Snyder’s calm, optimistic theory of the case is shared by some of the GOP presidential candidates. Wisconsin Gov. Scott Walker, like Snyder, signed a right-to-work bill, which was, among other things, a declaration that organized labor would not build the new economy. Sen. Marco Rubio (Fla.) has framed the election as a lunge toward the future, away from longing for jobs that no longer make sense. Former Florida governor Jeb Bush’s “right to rise” concept assumes more legal immigrants sharing a country with native-born Americans, as does Snyder.
“On average,” Snyder said of immigrants, “they create 2 1/2 jobs for every position they hold.”
That’s what people say. At lunchtime on Wednesday, there was only a small crowd at the Wooden Kettle, a bar and restaurant near Flint Assembly. It was dollar beer day — domestics only — and the clientele was divided between people getting a burger in before the next shift and the people who started coming when the bar opened 47 years back. The TVs were tuned to a Detroit Tigers game and a Ronda Rousey UFC match that some of the retirees critiqued in great detail.
Jim Coffman, 65, sipped a beer and said that Trump had “jumped off the deep end on a lot of things.”
Still, he was curious. There were things Trump said that made sense.
“I do like the idea of not worrying about being politically correct,” Coffman said. “We need to tariff the people that import and take advantage of us. We need to say so.”
* * *
“When are you gonna get rid of the bricks?” someone asked the mayor.
Dayne Walling, 41, laughed. No one was going to get rid of the bricks that make up the downtown stretch of Flint’s Saginaw Street. By Wednesday afternoon, the town was rerouting traffic for the friendly annual “Back to the Bricks” celebration. Vintage cars are invited to cruise downtown (before the 10 p.m. curfew) and to park where people could see them.
Walling cut the ribbon for the party and then walked downtown. He had grown up in Flint, moved back in 2006 with an armful of degrees, lost a race for mayor in 2007, ran again and won the nonpartisan office in 2009.
“When I was a kid, Flint was already in crisis with the closure of General Motors,” he said over coffee. “My early memories of the community are of one struggling to revive and define itself. Those were the years that really shaped me.”
Chryslers and Pontiacs and T-Birds rolled by as Walling, a Democrat, described how fallacious Trump’s pitch was. Emotional, sure — but pointless.

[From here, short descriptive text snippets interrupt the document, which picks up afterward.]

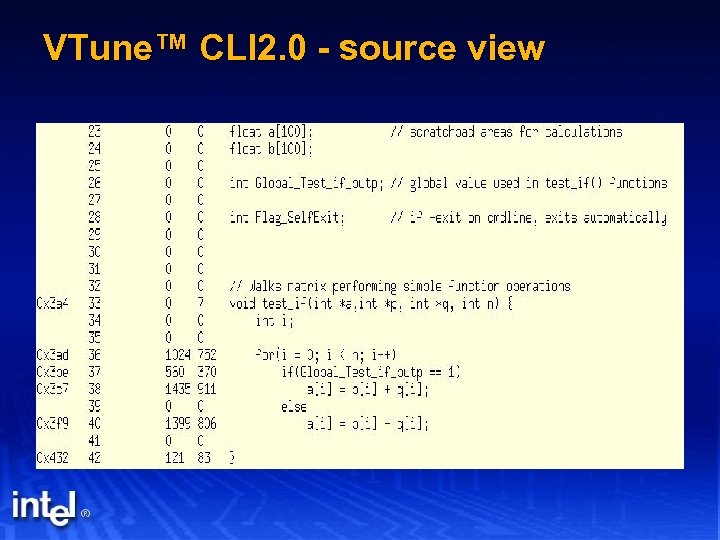 VTune™ CLI 2. 0 - source view 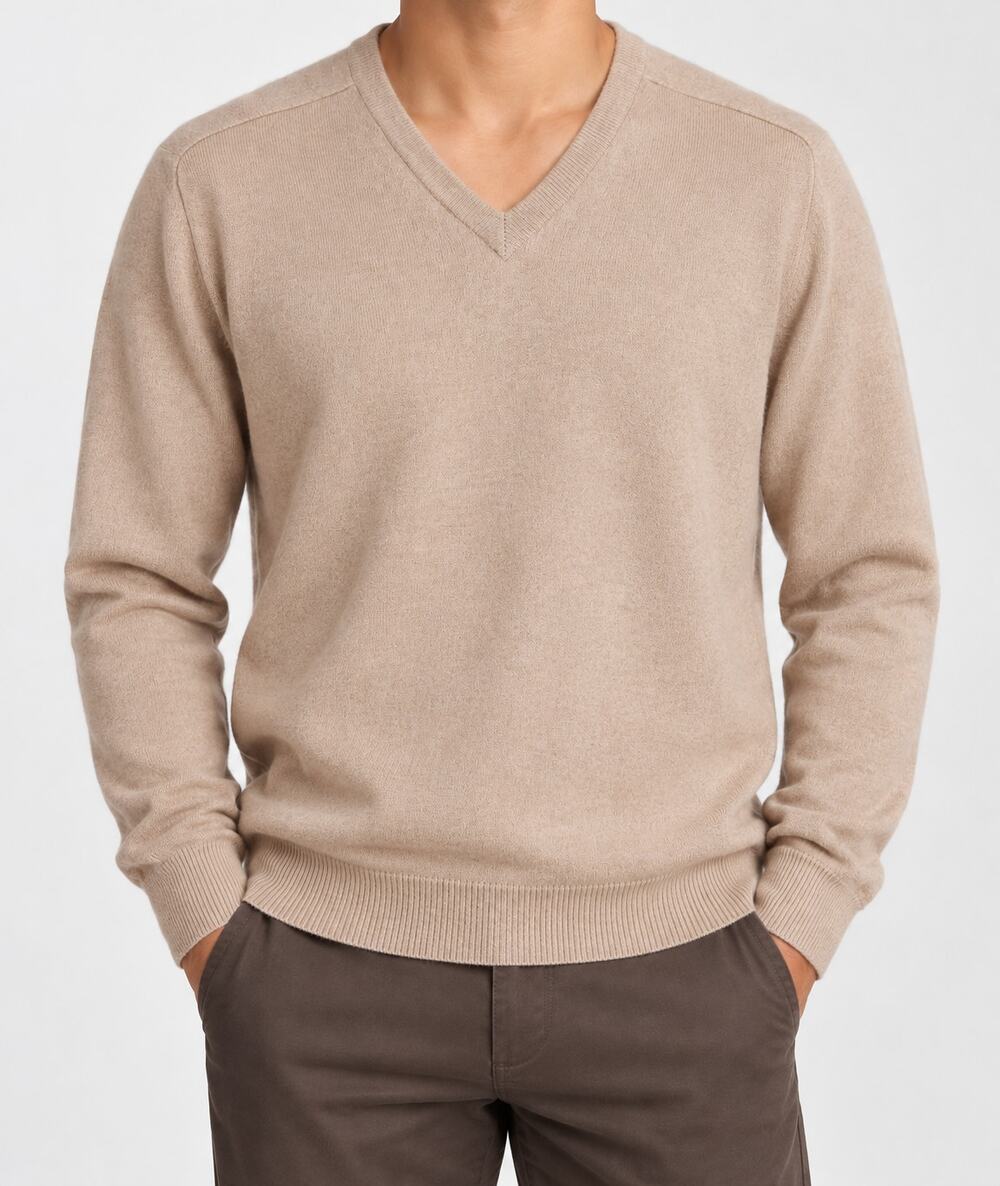 ERDOS Men's L 44 100% Cashmere V Neck Sweater Camel Eclectic Grandpa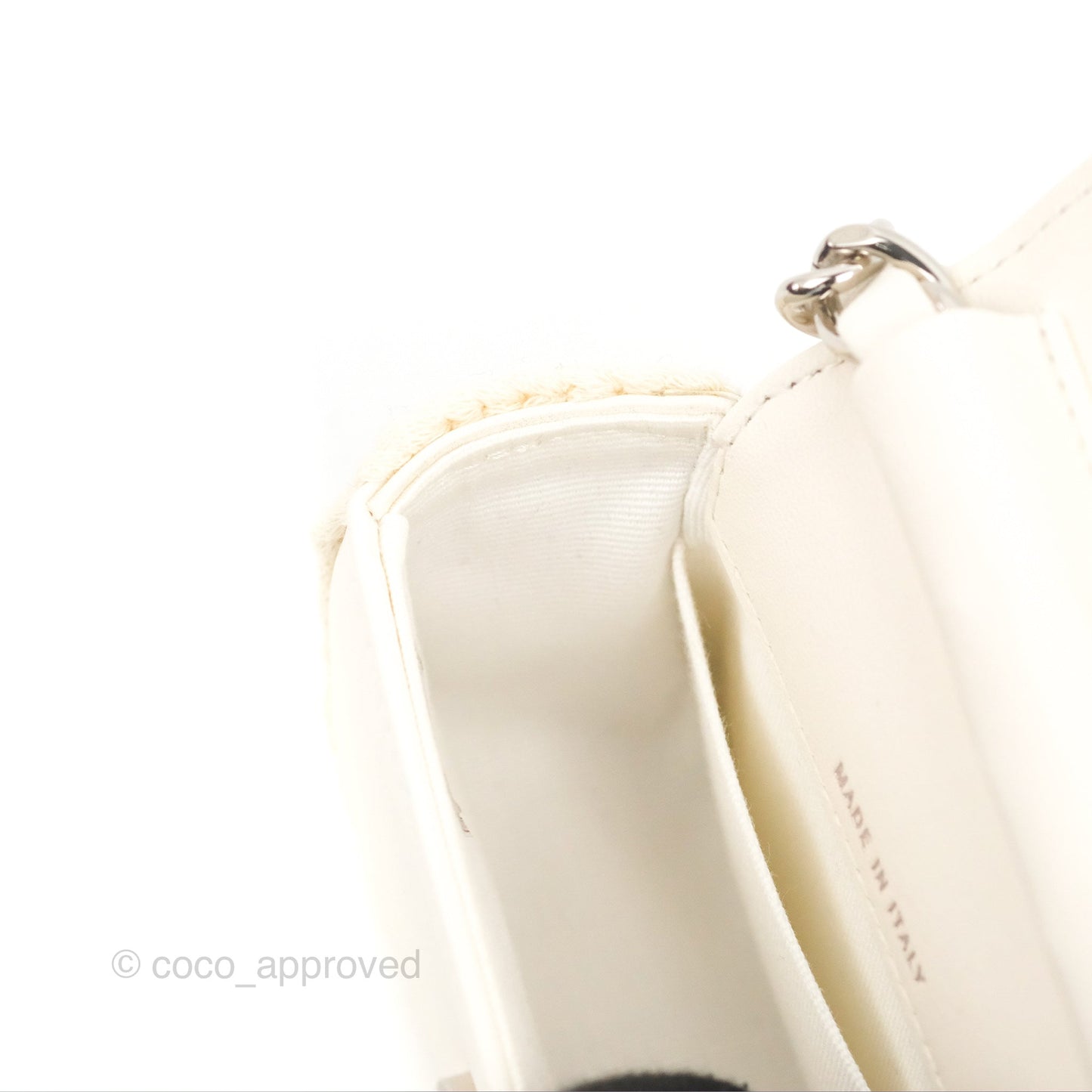 LChanel Mini Bag White Lambskin Crochet Gold Hardware 22C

“There’s a very strong ‘Made in the USA’ movement still in this area,” he said. “You’ll see bumper stickers that say: ‘Want to lose your job? Keep buying foreign.’ People understand that if there aren’t middle-class manufacturing jobs from American manufacturing companies, you end up with cheap foreign imports and low-paying service jobs.”
When his cup was empty, Walling got into his 2006 Chevy Impala, with 145,242 miles on the odometer and a Hillary Clinton sticker on the bumper. He navigated around the nostalgia party, past one old factory site that had been turned into townhouses, and into Buick City. The concrete stretched into the deep horizon, broken up by trees struggling through the cracks. Every once in a while, a small factory with a few hundred, or few dozen, employees jutted out.
“Flint’s plan is to add smaller companies that can take care of our workforce,” Walling said.
Trump’s pitch — the super-president personally yanking jobs back into the United States, into Michigan — is more romantic than any of this. And it’s not completely wrong. Walling’s been waiting for the federal government to create some version of “enterprise zones,” the tax-free areas meant to stimulate business in blighted cities. But nobody’s been saying it. There’s a gap in the politics as people understand them.
In the summer of 2015, it was being filled by Donald Trump.